2022 Commencement, the Class of 2020 Ceremony: "Arriving where you started"

From the President

Welcome back to Brown! It is so great to have all of you—finally—here on College Hill!

This is a much happier sight than the last time I saw many of you together here.

It was painful to have you leave campus in a rush in March of 2020. I remember seeing clusters of students on the Main Green, hugging and saying goodbye. There were some tears, and also some very real and understandable anxiety about the health of your families and about your futures. There was so much uncertainty. 

Then, two years ago, about to this day, I formally bestowed your degrees. Although it was a beautiful day, it was not a normal graduation. There was no campus dance, no march through the gates, no long goodbyes with dear friends.

As for the Commencement ceremony itself—I spoke to you from my house – addressing a laptop that was propped on a chair that I’d placed on top of my dining room table.

And you were dispersed, across the country and around the world. A number of you were still living in apartments in Providence. I learned later that some of you came to the College Green with your laptops to watch the ceremony. Many of you were home with your families, preparing to search for, or start, remote jobs or attend remote graduate programs.
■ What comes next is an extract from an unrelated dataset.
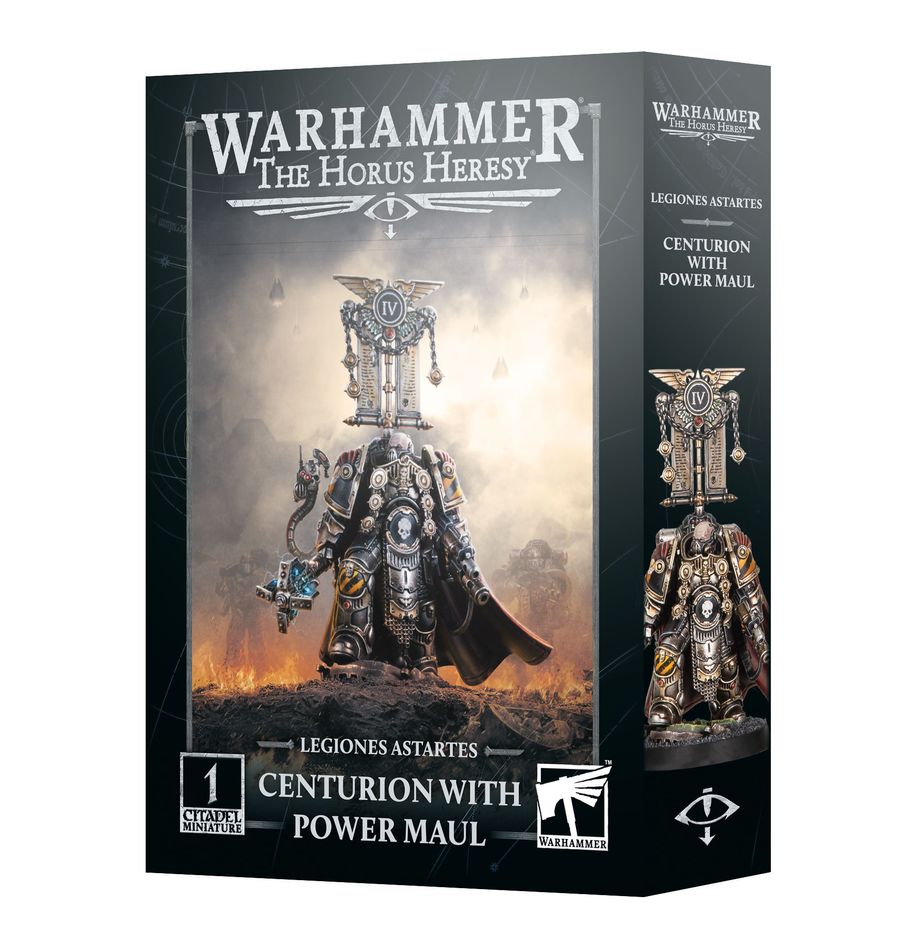 Warhammer The Horus Heresy: Legiones Astartes - Centurion With Power Maul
We all did our best given the circumstances, but it was not as it should have been. It felt wrong.

*  *  *

Now, you could ask yourself, why should it really matter? In truth, the tradition of a graduation ceremony has no bearing on your lives after college. Yes, you had a remote graduation, but it was legitimate. From that day onwards, you were able to update your CVs and LinkedIn profiles, and begin your lives as college graduates.

I sometimes hear people talk about a college degree as simply a credential—a piece of paper that lets you capitalize on an investment in education. And if that was truly all that it was about, a Zoom ceremony would have been more than enough.

But I believe that your time at Brown gave you so much more than a credential.

The very fact that all of you are here today…that you traveled from across the country and around the globe, bringing parents and family members back to campus…tells me that you agree. You felt that coming back to Brown, to do this right, was important and meaningful.

Your return fills me with joy, because it tells me that the time you spent at Brown was significant and impactful for each of you.

*  *  *

You came to Brown as younger versions of yourselves, eager to grow and live and learn and love in ways that transcended a simple piece of paper. And your hopes were borne out.

It was here that you opened your minds to new knowledge and new ways of knowing, with professors who became your mentors.

It was here that you honed your skills, as artists, entrepreneurs, athletes, scientists, writers, researchers, and activists.

It was here that you made friends who are among the best you ever had, and ever will have.

It was here that you created and were part of a strong community – both on this campus and in the city of Providence.

It was here that you grew into the smart, thoughtful, creative, socially-conscious and civic-minded people that you are now.

And that deserves an in-person celebration. Clearly, you all agree!

*  *  *

That leads me to a question for each of you: what brought you back here today? Why after some 730 days in the “real world” did you feel it was important to come back to Brown, put on a cap and gown, and march down the hill to this historic church?

There are probably lots of reasons. You missed your friends and your mentors. You never got that cap and gown selfie with your roommates. You’ve spent the last two years dreaming about your last meal at the Ratty.

Whatever your reasons are, I suspect they are all grounded in the same feeling of belonging and community that you found on this campus.

Looking out at your today, I know that you’re all at very different places in your post-college lives. Maybe you’re in a graduate program that really excites you, but you’re still uncertain about your career path. Maybe you’ve landed a job that challenges you but you wonder how you’ll advance.  

Or maybe you’re feeling even less certain. You started a graduate program and you’re thinking you made a big mistake. You landed a job you thought you wanted, but it’s not as fulfilling as you’d hoped.

No matter what your experience, I hope that while you are back “home” at Brown this weekend, you’re able to reconnect with the trusted friends who ground you, and give you advice and perspective when you need it.

T.S. Eliot said, “We shall not cease from exploration, and the end of all our exploring will be to arrive where we started and know the place for the first time."

I hope that what we do together this weekend—the traditions and ceremonies, the reconnection with friends, and the re-conferral of your degrees—reaffirms the meaning and value of your time at Brown.

Tomorrow, you’ll march through the gates again as alumni of the Great Class of 2020! I hope you return many times over the course of your lives as active and engaged alumni – as T.S. Eliot said, arriving where you started.

The Brown community is a place where you will always be welcomed, and always find love.

Now, I would like to re-confer your degrees.

And no, you cannot update your LinkedIn profiles to say that you have two degrees from Brown!